> **What you will do**
The required copy runs from the first line of the material through the line containing "This video will", exactly as written and without pictures.

> **Records for processing**
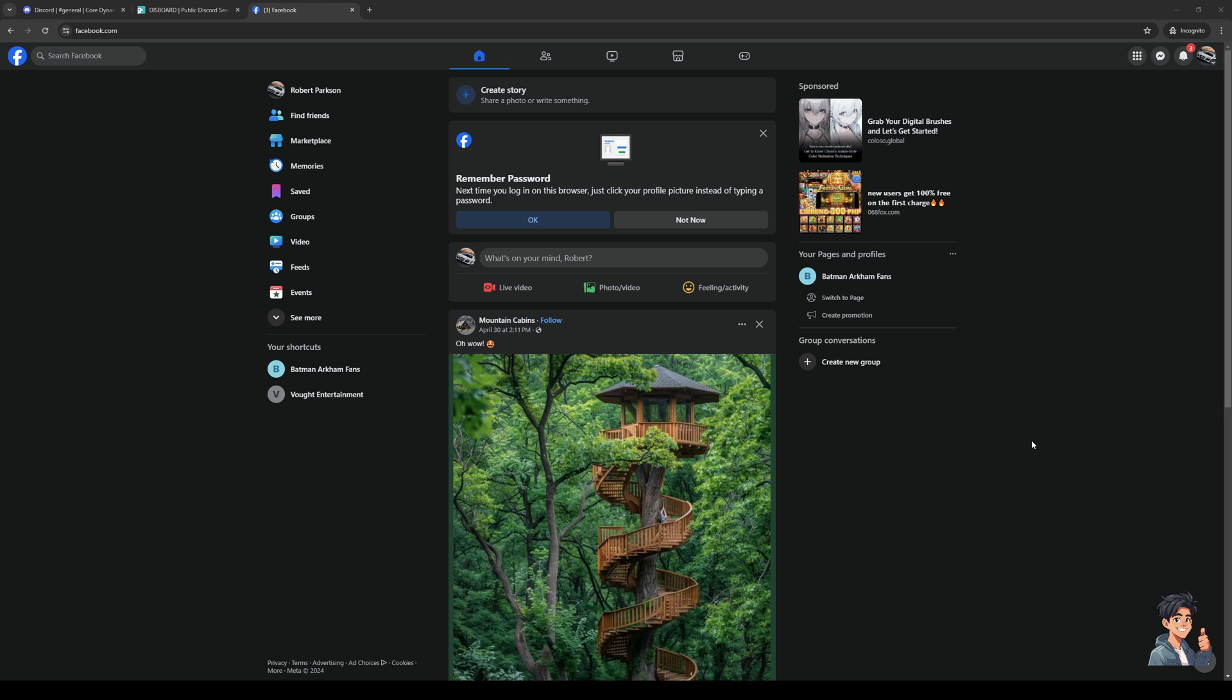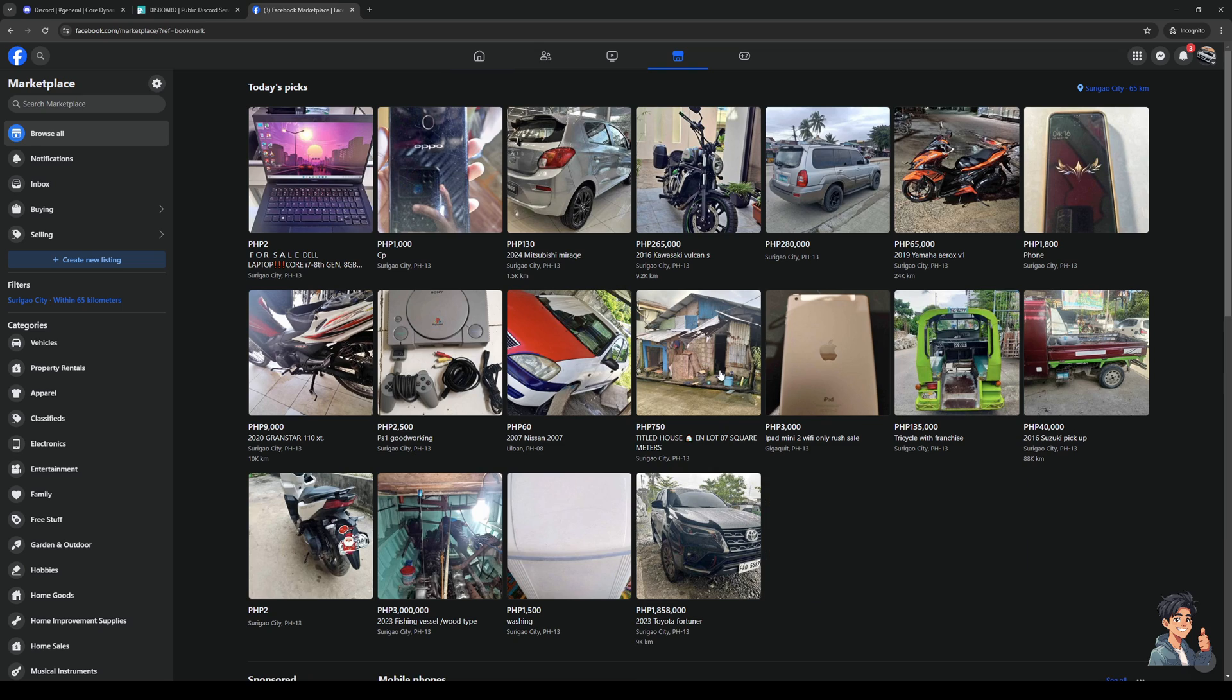To actually do this is quite simple. The first thing you guys need to do is make sure you're logged into your Facebook account like you can see here, and then you want to access the marketplace. I'm going to click on marketplace right here on the left hand side of the screen and it should redirect us to this page right here.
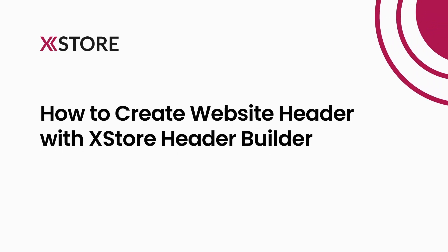In this tutorial, we'll walk you through the steps of crafting an impressive website header using the xStore header builder alongside Elementor.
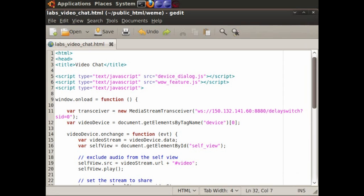This video will demonstrate a simple video chat web application written in HTML and JavaScript without any plugins. It runs in a patched version of WebKit and uses our implementations of the proposed device element and stream API to handle input devices.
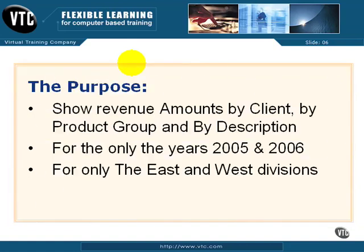Continuing right along, now we come to the purpose of the report. That helps you define almost the layout, the grouping, and the other elements you're going to need. You're going to show the revenue amounts by client, by product group, and by description. But only for the years 2005 and 2006, and only for the east and west divisions. This requires you to use different types of filters and to group multiple levels.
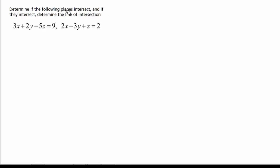Now we want to determine if the following planes intersect, and if they intersect, determine the line of intersection. The first thing we can do is look at the normal vectors for these planes. The normal vector for the first plane is (3, 2, −5) and the normal vector for the second plane is (2, −3, 1). Notice that these normal vectors are not multiples of each other, so they don't lie on the same line — they're not parallel. Therefore, the planes are going to intersect.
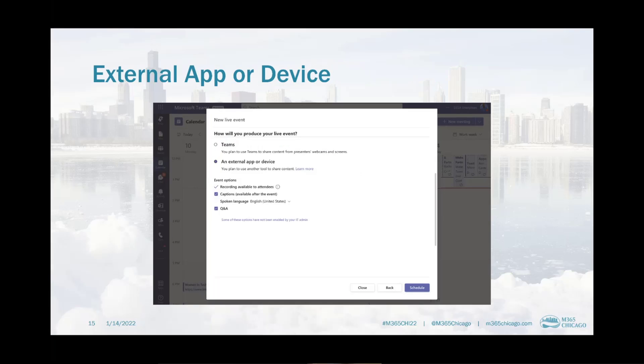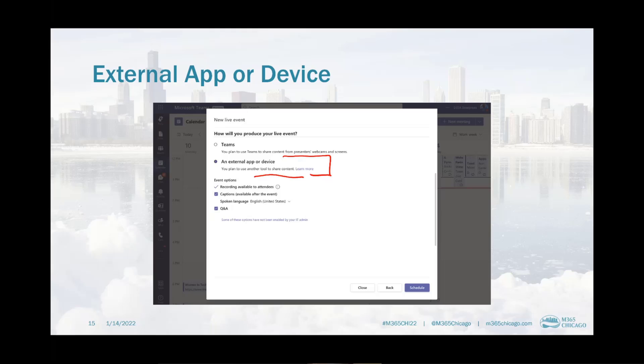If you use an external app or device, this is the piece where those ingredients are required. Teams, you can do a live event within Teams without any additional add-ons. However, if you choose to stream to other platforms or you have a TriCaster or some kind of physical hardware that you want to leverage, you choose external app or device. And then in that case, these are your choices for the event options, including the Q&A.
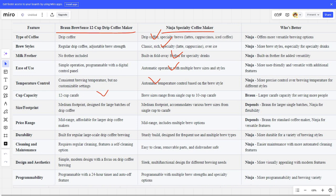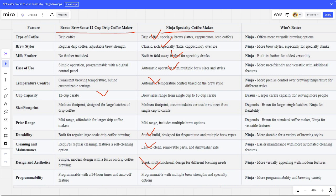Size footprint depends on your needs. Price range depends on your needs. Durability - Ninja is the winner. Cleaning and maintenance - Ninja is better. Design and aesthetics - Ninja is the winner. Programmability - Ninja is better.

> **Answer space**
To actually do this is quite simple. The first thing you guys need to do is make sure you're logged into your Facebook account like you can see here, and then you want to access the marketplace. I'm going to click on marketplace right here on the left hand side of the screen and it should redirect us to this page right here.
In this tutorial, we'll walk you through the steps of crafting an impressive website header using the xStore header builder alongside Elementor.
This video will demonstrate a simple video chat web application written in HTML and JavaScript without any plugins. It runs in a patched version of WebKit and uses our implementations of the proposed device element and stream API to handle input devices.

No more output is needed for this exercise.